A large crowd turned out for Monday’s zoning board meeting in Morris Township to get a first look at plans for The Regency, a 119-unit luxury apartment complex proposed for the parking lot of the Madison Hotel, adjacent to NJ Transit’s Convent Station railroad stop.
The L-shaped, four-story structure would cover 2.2 acres of the 7.8-acre site of the hotel and the Red Dog Tavern (formerly Rod’s Restaurant). The Keller family, which owns the hotel, seeks a use variance to allow residential development in the office zone, among other permissions.
Placing apartments near a transit facility is consistent with New Jersey “smart growth” policies that encourage commuting via public transportation, the Kellers contend. The Convent Road project conforms with the Township zoning master plan, and would provide 18 low- and moderate income units, according to the application.
Overview by planner Michael Tobia; video by Lee Goldberg:
Plans call for nine studio apartments, 64 one-bedroom units, 42 two-bedroom units and four three-bedroom units. Amenities would include a lounge, game room, business- and fitness centers, and a rooftop terrace.
The longest arm of the L-shaped building would front Old Turnpike Road; the shorter wing would run along the boundary with MetLife to the west.
This portion of the hotel parking lot is an underutilized “land asset that can be put to higher and better use,” project planner Michael Tobia told the board. The nearest residences are 400 feet away, he said.
The hotel, which dates to 1981, has 478 parking stalls, Tobia noted. This would increase to 490 spaces, of which 167–including 137 in a basement garage–would be designated for the apartments, according to Township Planner Paul Phillips.
An apartment complex of this size generally would be expected to provide 224 spaces, Phillips said in a report to the board.
The Kellers are seeking a “bifurcated” (two-part) approval process, dealing first with the use variance, and then with other “bulk variances” pertaining to yard setbacks, height restrictions and parking. Site plan approval also would be sought later.
One resident on Monday questioned this two-pronged approach, suggesting it might downplay potential traffic and parking problems.
Traffic and parking will be addressed in the use variance discussions, replied Martin Newmark, attorney for Timbers Inc., the Kellers’ company.
Zoning board Attorney Richard Oller allowed the two-phase process to continue, at least for now, while acknowledging “many issues the board will have to look at very carefully.” These include the project’s layout and “intense” questions about “cross-over, shared parking,” Oller said.
Neighbors of The Regency who presumably might be affected by spillover parking are the hotel, NJ Transit, MetLife and St. Thomas More Church.
MorristownGreen.com readers raised concerns about increased traffic from pending developments at the former Honeywell headquarters; at the former Colgate Palmolive site, near Mennen Arena; on Punch Bowl Road; and on Mount Kemble Avenue, at the Morristown border.

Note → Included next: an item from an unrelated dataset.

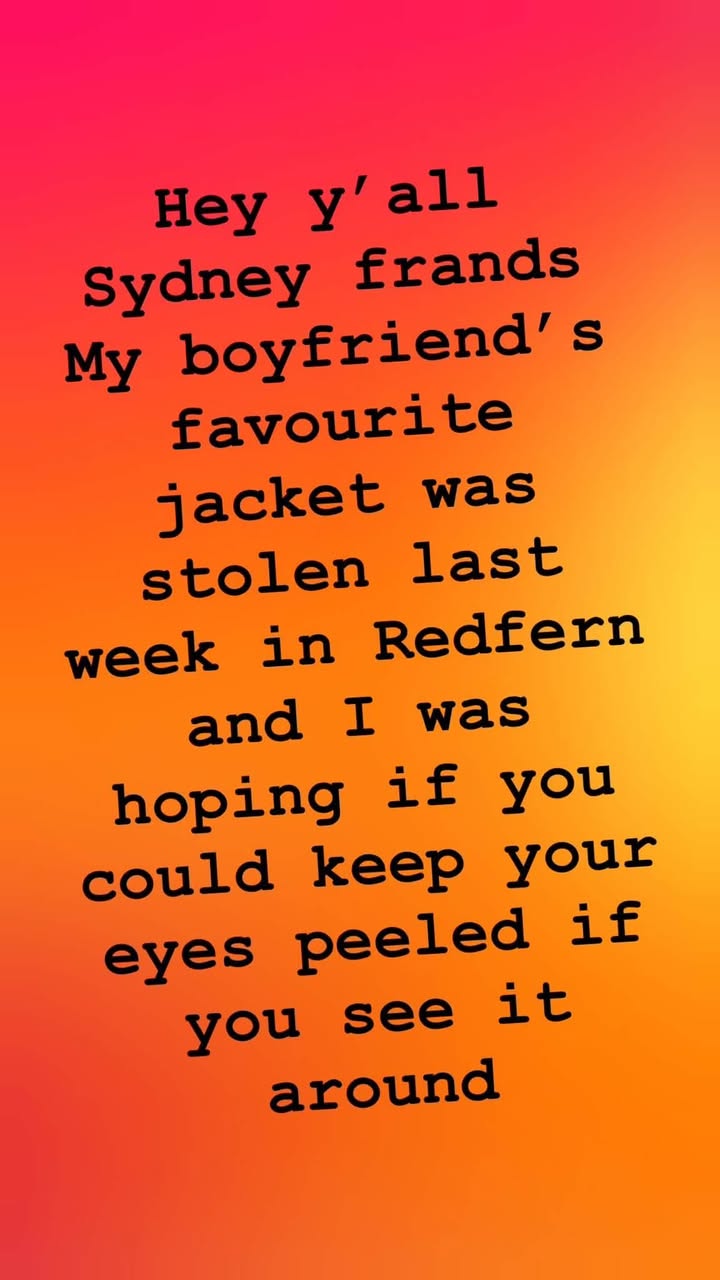 Lost Jacket in Sydney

“It’s way too congested here now,” Carole Baker posted on Morristown Green’s Facebook page.
“It’ll be horrendous after the towns finish all of these new housing development projects. It used to be a nice quiet area to live in but that’s a thing of the past now. Everything seems to be dictated by the love of money and revenues,” Baker wrote.
“They are going to need to build more schools…insane, please stop,” commented Lisa Bataille.
Use variances only may be granted for “special reasons” that are “inherently beneficial” or “promote the general welfare,” Phillips explained in his report.
Applicants also must address any “negative criteria” and prove that a use variance won’t pose a “substantial detriment to the public good” or undermine the municipality’s zoning laws, Phillips pointed out.
Introduction of Regency plans by attorney Martin Newmark; video by Lee Goldberg:
The Regency would amount to about 54 units per acre. Although no residential density limit applies here–because the OL-5 zone does not allow any residential uses–Phillips recommended the Kellers produce density comparisons to other Township housing developments, and to transit projects in other suburban areas.
Phillips’ report also indicates the Kellers have not supplied a requested study of proposed shared parking between the hotel and apartments. If the Kellers eventually seek to subdivide their property, the planner said, they may need another use variance to address the parking arrangement.
A traffic study also should be submitted, the planner said.
The Kellers are due back at the zoning board on Jan. 28, 2019.
Lee Goldberg contributed to this story.